> WHAT NEEDS TO BE DONE
Collect the lines of the entries where "Snapshot" shows up.

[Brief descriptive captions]
--- START ---
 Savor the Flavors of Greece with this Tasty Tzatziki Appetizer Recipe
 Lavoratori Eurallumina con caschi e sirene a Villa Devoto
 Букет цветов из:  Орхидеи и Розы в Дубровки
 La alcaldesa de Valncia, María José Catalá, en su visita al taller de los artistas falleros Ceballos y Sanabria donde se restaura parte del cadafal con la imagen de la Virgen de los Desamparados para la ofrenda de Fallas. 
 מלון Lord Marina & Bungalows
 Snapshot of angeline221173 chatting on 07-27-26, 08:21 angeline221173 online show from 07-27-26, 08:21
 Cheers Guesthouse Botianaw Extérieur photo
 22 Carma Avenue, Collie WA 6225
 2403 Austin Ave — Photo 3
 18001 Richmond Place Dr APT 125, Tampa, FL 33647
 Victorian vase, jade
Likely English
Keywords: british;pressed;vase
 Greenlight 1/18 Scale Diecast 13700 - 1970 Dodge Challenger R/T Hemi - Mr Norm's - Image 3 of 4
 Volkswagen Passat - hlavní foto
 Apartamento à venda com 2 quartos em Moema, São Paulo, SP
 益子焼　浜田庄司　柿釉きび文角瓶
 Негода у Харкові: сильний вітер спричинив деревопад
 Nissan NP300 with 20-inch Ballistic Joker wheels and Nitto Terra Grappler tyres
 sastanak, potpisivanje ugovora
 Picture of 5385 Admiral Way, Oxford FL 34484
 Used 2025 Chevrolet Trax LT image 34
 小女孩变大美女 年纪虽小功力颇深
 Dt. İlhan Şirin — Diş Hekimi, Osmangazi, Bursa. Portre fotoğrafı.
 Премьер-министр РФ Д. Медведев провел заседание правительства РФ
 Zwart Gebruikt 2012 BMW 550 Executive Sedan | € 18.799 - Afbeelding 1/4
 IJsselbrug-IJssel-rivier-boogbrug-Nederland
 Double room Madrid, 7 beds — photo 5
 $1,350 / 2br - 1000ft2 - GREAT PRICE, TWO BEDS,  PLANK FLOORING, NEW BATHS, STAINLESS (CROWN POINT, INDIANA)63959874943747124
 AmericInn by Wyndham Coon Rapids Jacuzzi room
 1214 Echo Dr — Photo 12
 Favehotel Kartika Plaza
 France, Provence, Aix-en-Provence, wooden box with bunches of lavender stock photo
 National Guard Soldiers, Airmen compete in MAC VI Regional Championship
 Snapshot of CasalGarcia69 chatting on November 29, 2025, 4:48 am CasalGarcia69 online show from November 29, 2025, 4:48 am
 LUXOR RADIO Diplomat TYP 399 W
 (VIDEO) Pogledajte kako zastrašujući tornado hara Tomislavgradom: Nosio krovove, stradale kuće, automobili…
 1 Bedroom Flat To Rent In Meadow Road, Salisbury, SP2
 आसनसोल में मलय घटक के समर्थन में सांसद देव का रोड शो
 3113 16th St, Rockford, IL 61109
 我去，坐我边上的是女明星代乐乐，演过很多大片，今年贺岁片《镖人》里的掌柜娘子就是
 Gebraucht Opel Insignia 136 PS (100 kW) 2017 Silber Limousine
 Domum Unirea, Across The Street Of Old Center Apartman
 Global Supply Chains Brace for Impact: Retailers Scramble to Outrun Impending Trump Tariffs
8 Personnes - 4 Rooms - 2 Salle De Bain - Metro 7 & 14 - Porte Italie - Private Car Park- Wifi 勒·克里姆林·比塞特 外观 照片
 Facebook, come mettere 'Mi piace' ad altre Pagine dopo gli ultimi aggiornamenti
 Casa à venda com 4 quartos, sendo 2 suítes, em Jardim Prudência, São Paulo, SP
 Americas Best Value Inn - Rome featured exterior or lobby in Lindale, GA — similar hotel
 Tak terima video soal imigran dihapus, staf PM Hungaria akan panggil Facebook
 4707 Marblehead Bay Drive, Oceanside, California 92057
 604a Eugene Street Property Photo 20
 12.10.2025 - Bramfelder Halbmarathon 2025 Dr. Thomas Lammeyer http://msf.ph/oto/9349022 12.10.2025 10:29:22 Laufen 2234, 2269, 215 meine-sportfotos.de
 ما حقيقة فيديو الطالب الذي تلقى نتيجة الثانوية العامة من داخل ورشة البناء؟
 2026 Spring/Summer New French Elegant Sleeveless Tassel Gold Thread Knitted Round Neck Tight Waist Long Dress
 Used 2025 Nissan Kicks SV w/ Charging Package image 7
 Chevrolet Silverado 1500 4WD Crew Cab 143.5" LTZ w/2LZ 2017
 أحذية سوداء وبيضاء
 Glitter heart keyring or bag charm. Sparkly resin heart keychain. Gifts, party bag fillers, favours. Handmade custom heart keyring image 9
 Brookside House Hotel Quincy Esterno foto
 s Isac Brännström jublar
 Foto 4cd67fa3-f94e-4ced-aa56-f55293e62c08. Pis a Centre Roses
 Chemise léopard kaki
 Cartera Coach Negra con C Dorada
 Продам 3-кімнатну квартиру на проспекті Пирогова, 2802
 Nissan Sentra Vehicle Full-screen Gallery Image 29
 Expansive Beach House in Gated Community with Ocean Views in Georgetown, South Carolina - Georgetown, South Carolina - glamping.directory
--- END ---
> THE ANSWER
 Snapshot of angeline221173 chatting on 07-27-26, 08:21 angeline221173 online show from 07-27-26, 08:21
 Snapshot of CasalGarcia69 chatting on November 29, 2025, 4:48 am CasalGarcia69 online show from November 29, 2025, 4:48 am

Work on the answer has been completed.